The schedulers are periodic tasks that need to be executed (think cron). Their state is kept track of on disk (in particular the last time a successful execution was performed).

The agent is responsible for starting director, the schedulers and exposing the web user interface.


Measurement-kit is a C++ library that implements network measurement primitives and some of the ooniprobe tests.

It has been developed with the goal of being able to target mobile platforms (Android and iOS), but is growing with the intent of eventually replacing the measurement engine of ooniprobe entirely with native code.

There is work in progress to support calling it from python (see: https://github.com/measurement-kit/measurement-kit/pull/697) and there are plans to implement a scripting interface around it to aid the development of tests (see: https://github.com/measurement-kit/measurement-kit/issues/702).


This is the backend component of OONI. It is responsible for exposing test helpers , the measurement collector and the bouncer service

Test Helpers

Test helpers implement server side protocols that are of assistance to ooniprobes when running tests.

If you would like to see a test helper implemented inside of oonib, thats great!
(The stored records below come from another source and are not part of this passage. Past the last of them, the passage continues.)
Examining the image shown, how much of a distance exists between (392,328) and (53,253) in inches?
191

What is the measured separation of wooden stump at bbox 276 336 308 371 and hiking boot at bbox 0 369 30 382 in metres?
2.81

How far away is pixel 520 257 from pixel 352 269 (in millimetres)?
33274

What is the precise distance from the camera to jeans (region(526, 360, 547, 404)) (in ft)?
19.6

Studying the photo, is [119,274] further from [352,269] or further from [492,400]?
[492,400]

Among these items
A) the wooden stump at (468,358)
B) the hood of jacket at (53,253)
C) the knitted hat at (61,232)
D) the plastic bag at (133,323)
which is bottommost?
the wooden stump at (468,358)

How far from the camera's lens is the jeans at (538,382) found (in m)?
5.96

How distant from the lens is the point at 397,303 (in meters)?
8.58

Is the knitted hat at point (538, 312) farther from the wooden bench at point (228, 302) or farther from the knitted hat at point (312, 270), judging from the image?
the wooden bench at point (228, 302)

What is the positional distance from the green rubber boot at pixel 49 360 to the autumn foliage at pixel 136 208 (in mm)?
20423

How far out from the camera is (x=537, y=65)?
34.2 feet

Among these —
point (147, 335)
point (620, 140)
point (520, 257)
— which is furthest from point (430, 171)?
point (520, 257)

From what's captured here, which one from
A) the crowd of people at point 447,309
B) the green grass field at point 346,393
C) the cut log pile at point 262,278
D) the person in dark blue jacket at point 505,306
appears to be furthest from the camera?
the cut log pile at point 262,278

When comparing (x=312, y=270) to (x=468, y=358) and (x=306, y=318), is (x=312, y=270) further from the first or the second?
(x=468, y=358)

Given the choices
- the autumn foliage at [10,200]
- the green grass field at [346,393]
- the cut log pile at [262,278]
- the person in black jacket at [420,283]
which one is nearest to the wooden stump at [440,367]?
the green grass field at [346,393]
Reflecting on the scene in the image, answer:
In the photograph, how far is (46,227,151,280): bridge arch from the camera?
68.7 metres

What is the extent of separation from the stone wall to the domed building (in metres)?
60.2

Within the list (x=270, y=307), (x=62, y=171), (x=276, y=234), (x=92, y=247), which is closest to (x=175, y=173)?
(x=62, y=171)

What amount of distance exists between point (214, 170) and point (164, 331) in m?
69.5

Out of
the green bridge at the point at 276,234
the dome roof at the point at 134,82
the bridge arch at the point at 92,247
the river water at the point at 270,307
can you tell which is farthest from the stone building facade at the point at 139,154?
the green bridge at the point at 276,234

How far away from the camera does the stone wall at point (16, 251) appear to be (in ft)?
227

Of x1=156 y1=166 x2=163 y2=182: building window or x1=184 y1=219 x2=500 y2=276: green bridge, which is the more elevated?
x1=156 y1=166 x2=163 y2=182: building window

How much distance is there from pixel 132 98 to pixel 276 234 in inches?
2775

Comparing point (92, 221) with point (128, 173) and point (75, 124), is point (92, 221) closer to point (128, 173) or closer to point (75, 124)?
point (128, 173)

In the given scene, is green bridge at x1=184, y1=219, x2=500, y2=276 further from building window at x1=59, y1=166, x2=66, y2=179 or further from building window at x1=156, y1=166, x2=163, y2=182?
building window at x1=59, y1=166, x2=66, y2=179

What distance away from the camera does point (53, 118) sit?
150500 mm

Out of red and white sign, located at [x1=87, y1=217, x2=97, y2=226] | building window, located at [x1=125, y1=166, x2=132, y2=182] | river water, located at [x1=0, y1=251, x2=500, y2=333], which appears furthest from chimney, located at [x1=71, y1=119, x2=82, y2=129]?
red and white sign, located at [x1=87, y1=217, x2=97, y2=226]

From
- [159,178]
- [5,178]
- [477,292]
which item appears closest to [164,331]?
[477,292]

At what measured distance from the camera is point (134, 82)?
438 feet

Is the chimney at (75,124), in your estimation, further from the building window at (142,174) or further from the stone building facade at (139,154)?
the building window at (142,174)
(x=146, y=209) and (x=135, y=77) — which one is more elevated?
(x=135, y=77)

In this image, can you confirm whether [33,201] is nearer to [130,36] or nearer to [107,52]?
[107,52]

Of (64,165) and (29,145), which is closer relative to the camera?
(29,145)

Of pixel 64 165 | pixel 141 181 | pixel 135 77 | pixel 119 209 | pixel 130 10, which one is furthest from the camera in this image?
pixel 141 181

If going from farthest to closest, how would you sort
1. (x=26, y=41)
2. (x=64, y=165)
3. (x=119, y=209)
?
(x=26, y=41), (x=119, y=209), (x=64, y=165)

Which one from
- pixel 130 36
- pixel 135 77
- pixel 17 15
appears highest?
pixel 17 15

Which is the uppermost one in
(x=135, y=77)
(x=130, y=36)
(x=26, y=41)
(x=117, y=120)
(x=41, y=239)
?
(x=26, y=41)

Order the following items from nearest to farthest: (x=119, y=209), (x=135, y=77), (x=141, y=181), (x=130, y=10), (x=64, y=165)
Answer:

All you have to do is open a ticket on github.

To get an idea of the current implementation status of test helpers see the oonib/testhelpers/ directory of the ooniprobe git repository.

Measurement collector

This is the service that is used for submitting measurement results to.
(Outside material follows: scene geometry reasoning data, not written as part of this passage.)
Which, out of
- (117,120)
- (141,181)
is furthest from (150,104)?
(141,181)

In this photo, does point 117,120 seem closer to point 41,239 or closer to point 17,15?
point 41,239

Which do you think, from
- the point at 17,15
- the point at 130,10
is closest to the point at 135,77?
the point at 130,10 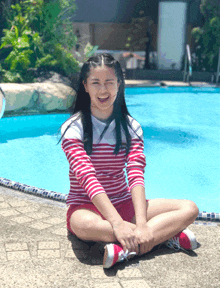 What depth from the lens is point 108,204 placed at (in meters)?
2.49

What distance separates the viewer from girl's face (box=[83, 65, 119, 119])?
8.82 ft

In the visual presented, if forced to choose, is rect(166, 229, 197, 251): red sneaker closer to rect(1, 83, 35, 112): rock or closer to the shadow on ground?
the shadow on ground

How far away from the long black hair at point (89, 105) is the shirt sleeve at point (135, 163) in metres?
0.05

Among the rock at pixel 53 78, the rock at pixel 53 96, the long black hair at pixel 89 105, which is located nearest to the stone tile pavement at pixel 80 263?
the long black hair at pixel 89 105

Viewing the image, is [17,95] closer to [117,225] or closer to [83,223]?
[83,223]

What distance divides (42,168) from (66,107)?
4.05 meters

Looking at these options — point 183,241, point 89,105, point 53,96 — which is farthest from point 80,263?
point 53,96

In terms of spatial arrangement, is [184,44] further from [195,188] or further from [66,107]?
[195,188]

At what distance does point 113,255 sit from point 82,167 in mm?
634

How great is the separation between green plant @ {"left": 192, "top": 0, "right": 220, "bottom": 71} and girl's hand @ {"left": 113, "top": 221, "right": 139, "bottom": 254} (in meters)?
15.0

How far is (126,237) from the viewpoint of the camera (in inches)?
92.9

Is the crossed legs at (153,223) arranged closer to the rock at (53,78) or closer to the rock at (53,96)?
the rock at (53,96)

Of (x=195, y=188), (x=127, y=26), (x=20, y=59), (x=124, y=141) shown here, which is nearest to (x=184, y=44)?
(x=127, y=26)

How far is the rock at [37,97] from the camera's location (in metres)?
8.80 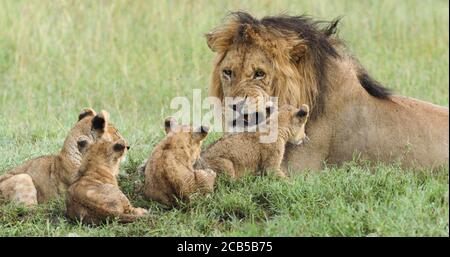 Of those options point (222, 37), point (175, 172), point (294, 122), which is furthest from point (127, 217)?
point (222, 37)

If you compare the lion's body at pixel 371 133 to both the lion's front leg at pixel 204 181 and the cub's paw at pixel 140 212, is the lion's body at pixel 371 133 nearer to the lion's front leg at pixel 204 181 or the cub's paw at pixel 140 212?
the lion's front leg at pixel 204 181

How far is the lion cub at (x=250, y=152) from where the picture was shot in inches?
242

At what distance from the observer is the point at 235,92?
632 cm

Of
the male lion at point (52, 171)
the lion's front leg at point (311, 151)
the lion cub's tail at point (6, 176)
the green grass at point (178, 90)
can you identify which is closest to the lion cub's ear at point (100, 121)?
the male lion at point (52, 171)

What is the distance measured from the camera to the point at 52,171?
6.18 m

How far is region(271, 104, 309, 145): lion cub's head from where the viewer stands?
6.22 meters

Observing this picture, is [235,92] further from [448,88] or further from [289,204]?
[448,88]

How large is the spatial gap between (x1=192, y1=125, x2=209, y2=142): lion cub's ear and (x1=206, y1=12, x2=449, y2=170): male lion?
1.07ft

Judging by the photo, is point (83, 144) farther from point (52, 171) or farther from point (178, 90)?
point (178, 90)

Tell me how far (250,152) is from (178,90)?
12.3ft

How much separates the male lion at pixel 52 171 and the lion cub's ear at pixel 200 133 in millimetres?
447

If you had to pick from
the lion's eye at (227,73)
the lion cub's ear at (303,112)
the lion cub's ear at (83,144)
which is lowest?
the lion cub's ear at (83,144) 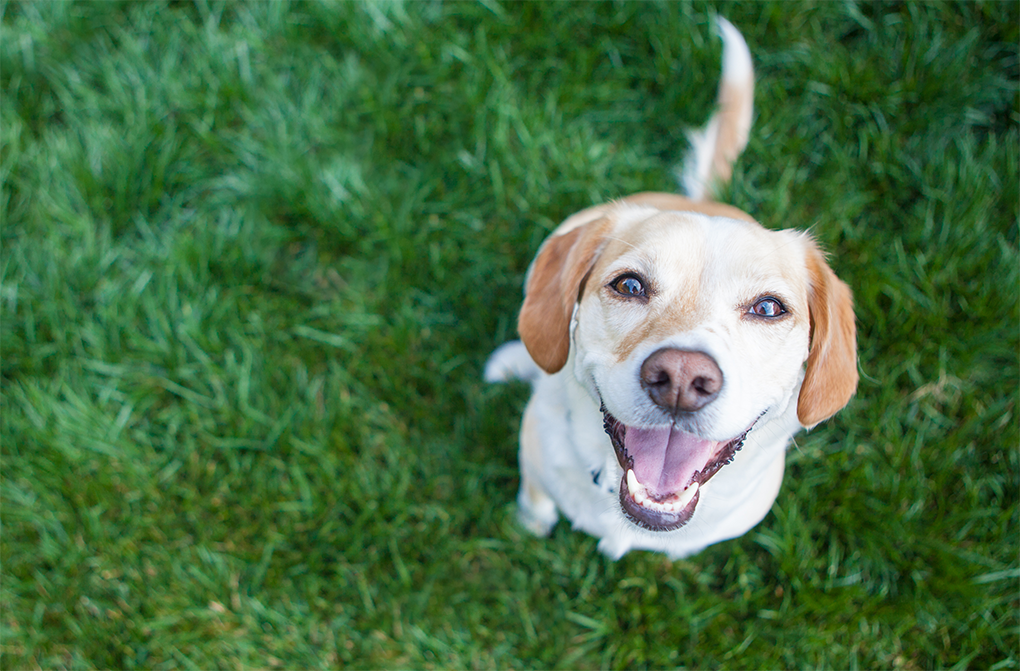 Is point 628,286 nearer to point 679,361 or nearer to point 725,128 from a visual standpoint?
point 679,361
The specification for the API of the measurement collector can be found here: https://github.com/TheTorProject/ooni-spec/blob/master/oonib.md#20-collector

Bouncer service

This is the service that is responsible for informing clients of where they should be submitting their results to and what are the addresses of the test-helpers they require to perform their measurements.

The specification for the API of the bouncer can be found here: https://github.com/TheTorProject/ooni-spec/blob/master/oonib.md#40-bouncer


When measurements are submitted to a measurement collector they are then processed by the data pipeline.

The measurements are first normalised (to take into account the different data formats that ooniprobe has supported over time), then sanitised (to redact from them sensitive information such a private bridge IP address) and then put inside of a database to be served via the ooni-explorer.

It is currently written in python using the luigi workflow manager, but that may change in the near future. For future plans see: https://github.com/TheTorProject/ooni-pipeline/issues/32


This is the web interface that is used by end users to inspect measurements collected by ooniprobe.

It is written as a node.js web app (based on the strongloop framework), with angular.js and d3.js.


Web user interface assets and the implementation of the ooni-probe web interface. Components in here are meant to be re-used across the various software components (ooni-probe, ooni-explorer, net-probe, etc.), though work on this from is not yet complete.


A raspberry pi image for running ooniprobe.

Amongst other things it takes care of automatically updating ooniprobe to the latest version and packaging all the dependencies required to run ooniprobe.


The canonical ooni.torproject.org website.

It is implemented using hugo a golang based static website generator.